Ama bir de silahşorun eline geçmişse bu kalem, vay halimize. Sivri ucuyla yazar da yazar. İçindeki karbondan sevgi, hizmet ve aşk yerine irin, kin ve nefret akar. Derdi imanı paradır. Hani bazılarımız var ya hep kendi menfaatine yazar. Hiç toplum yararına karalamaz sayfaları.
Kağıt bile isyan eder ona ama o bildiğini okur ve yapacağını yapar. Ucu sivridir ne de olsa. Ya da çirkin çizgiler atar yazdığı bembeyaz sayfanın üzerine. Aslında ne kalem bilir ne de beyaz sayfa üstüne art niyetle yazan kişinin içindeki kin ve nefreti veya çıkarcılığını!
Keşke elimizde olsa da silah ruhsatı gibi kalem ruhsatı da verebilsek gazetecilere. Bu kalemşorlara, ruh hastalarına. “Art niyetli kişiler bunları rahatça kullanamasa” diye.
Hasta kalemler, yumuşak kalemler, ucu kırık kalemler. Kalemlerin suçu yok elbet. Suç onun ucunu sivriltenlerde. Asıl kabahat kalemde değil, ona hükmedenindir oysaki.
Şöyle bir kez daha bakalım etrafımıza, “Antalya’da kaleminin ucunu sivriltip kullanan kaç kalemşora var” diye. Sabah başlasak akşama kadar yetmez gün bunların tamamı için.
Kendini kutsal bir çatının arkasına gizleyen ruh hastası, bu kalemşorları tek tek saymaya kalkarsak inanın bende sizde ruh hastası olur çıkarız. Onlar ise kıs kıs gülmeye devam eder.

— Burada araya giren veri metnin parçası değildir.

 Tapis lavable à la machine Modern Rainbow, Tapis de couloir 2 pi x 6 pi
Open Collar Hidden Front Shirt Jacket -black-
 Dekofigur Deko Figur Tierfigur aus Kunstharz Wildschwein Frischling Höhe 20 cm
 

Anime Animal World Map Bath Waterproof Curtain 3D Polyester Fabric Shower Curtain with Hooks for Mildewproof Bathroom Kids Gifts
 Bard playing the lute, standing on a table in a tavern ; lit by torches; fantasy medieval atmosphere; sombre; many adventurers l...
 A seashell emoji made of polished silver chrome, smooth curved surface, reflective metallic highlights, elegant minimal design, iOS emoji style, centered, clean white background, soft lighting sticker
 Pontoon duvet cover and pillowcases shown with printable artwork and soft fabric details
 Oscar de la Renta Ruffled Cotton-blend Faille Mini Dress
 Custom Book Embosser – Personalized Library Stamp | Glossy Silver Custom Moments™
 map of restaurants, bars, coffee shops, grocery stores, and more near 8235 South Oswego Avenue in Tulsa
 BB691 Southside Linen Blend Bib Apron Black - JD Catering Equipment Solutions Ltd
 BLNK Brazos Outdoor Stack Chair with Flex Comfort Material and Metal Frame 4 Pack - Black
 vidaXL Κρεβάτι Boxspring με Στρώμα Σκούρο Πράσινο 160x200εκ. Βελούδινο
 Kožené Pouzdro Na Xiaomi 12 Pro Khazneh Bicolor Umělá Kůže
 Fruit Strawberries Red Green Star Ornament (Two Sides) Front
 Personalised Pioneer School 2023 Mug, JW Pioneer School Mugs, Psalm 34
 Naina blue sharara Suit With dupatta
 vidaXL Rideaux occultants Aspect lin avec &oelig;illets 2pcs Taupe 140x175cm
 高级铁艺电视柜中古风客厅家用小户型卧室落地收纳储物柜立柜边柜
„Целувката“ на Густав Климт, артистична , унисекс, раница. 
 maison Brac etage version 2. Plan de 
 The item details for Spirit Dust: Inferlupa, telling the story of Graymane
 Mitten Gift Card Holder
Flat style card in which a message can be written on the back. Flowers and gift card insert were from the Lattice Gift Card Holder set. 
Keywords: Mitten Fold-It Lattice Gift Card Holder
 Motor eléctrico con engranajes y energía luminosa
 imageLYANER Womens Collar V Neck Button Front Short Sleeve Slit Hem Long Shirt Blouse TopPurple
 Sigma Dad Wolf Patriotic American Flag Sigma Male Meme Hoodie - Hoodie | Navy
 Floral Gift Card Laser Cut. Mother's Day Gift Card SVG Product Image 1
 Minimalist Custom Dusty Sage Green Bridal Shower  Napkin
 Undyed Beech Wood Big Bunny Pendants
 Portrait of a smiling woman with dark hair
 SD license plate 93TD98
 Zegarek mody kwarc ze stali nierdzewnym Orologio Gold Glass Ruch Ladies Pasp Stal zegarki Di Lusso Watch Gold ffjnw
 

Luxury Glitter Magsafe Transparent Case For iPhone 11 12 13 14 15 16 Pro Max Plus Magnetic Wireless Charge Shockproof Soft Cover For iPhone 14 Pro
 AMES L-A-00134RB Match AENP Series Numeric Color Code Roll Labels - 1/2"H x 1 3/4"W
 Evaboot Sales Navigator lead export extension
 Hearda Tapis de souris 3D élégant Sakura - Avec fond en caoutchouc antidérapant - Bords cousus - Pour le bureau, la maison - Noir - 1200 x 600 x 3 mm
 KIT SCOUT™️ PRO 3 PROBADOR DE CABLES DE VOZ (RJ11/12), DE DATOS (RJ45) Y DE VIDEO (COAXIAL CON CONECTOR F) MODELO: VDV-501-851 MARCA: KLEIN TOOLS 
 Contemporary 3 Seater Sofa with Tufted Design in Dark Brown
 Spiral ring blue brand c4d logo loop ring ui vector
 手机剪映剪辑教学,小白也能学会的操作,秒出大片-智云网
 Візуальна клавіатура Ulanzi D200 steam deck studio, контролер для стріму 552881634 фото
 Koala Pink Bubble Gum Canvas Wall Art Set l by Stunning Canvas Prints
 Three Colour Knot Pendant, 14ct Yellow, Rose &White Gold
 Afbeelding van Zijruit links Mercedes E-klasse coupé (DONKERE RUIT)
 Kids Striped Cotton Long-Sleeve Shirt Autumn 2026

Evet sevgili dostlar, zaten onları siz de biz de çok iyi biliyoruz. Kale almaya da gerek yok. Fakat, çuvaldızı başkasına batırmadan iğneyi kendimize batırmasını bilmeliyiz vesselam.
BEKLENEN AÇIKLAMA GELDİ
Geçen hafta yani 11 Kasım’da ‘Bir açıklama bekleniyor’ başlığı altında yazımda Lara’daki Düden Balık Çarşısı hakkında sosyal medyada yazılıp çizilenleri ele almıştım. Nihayet bu konuyla ilgili Başkan Muhittin Böcek’in ve sosyal medya hesaplarından açıklama yapıldı. Hem de görüntülü bir şekildi.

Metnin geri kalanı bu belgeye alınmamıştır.